Work instruction = Could you output exactly the lines from the one containing "GARMIN - RADAR ARRIERE VARIA RVR315" through the end of the records below, and nothing more?

Stored items from a collection
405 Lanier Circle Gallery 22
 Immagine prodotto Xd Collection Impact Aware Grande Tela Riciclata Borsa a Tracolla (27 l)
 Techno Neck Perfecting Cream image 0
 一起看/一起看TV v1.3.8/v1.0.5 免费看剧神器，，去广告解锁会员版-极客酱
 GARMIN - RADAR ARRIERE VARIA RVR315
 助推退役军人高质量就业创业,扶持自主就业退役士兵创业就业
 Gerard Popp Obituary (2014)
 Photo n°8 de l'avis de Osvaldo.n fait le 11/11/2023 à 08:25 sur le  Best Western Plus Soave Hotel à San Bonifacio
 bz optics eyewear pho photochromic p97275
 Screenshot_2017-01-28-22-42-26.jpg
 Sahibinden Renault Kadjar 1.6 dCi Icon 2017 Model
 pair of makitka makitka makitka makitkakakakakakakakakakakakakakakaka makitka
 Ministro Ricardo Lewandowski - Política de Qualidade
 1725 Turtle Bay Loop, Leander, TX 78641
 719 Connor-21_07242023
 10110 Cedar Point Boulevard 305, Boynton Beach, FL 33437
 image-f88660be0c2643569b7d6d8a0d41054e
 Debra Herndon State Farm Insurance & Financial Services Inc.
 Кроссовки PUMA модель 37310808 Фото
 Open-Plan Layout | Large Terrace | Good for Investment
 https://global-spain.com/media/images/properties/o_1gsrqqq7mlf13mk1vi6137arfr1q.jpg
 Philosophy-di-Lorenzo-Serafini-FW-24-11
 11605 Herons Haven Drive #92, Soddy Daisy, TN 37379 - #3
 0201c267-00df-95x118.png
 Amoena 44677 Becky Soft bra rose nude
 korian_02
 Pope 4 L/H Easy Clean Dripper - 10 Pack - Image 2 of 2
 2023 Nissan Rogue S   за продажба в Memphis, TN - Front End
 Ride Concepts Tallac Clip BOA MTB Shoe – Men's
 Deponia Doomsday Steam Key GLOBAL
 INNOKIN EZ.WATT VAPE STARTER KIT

Completed exercise =
 GARMIN - RADAR ARRIERE VARIA RVR315
 助推退役军人高质量就业创业,扶持自主就业退役士兵创业就业
 Gerard Popp Obituary (2014)
 Photo n°8 de l'avis de Osvaldo.n fait le 11/11/2023 à 08:25 sur le  Best Western Plus Soave Hotel à San Bonifacio
 bz optics eyewear pho photochromic p97275
 Screenshot_2017-01-28-22-42-26.jpg
 Sahibinden Renault Kadjar 1.6 dCi Icon 2017 Model
 pair of makitka makitka makitka makitkakakakakakakakakakakakakakakaka makitka
 Ministro Ricardo Lewandowski - Política de Qualidade
 1725 Turtle Bay Loop, Leander, TX 78641
 719 Connor-21_07242023
 10110 Cedar Point Boulevard 305, Boynton Beach, FL 33437
 image-f88660be0c2643569b7d6d8a0d41054e
 Debra Herndon State Farm Insurance & Financial Services Inc.
 Кроссовки PUMA модель 37310808 Фото
 Open-Plan Layout | Large Terrace | Good for Investment
 https://global-spain.com/media/images/properties/o_1gsrqqq7mlf13mk1vi6137arfr1q.jpg
 Philosophy-di-Lorenzo-Serafini-FW-24-11
 11605 Herons Haven Drive #92, Soddy Daisy, TN 37379 - #3
 0201c267-00df-95x118.png
 Amoena 44677 Becky Soft bra rose nude
 korian_02
 Pope 4 L/H Easy Clean Dripper - 10 Pack - Image 2 of 2
 2023 Nissan Rogue S   за продажба в Memphis, TN - Front End
 Ride Concepts Tallac Clip BOA MTB Shoe – Men's
 Deponia Doomsday Steam Key GLOBAL
 INNOKIN EZ.WATT VAPE STARTER KIT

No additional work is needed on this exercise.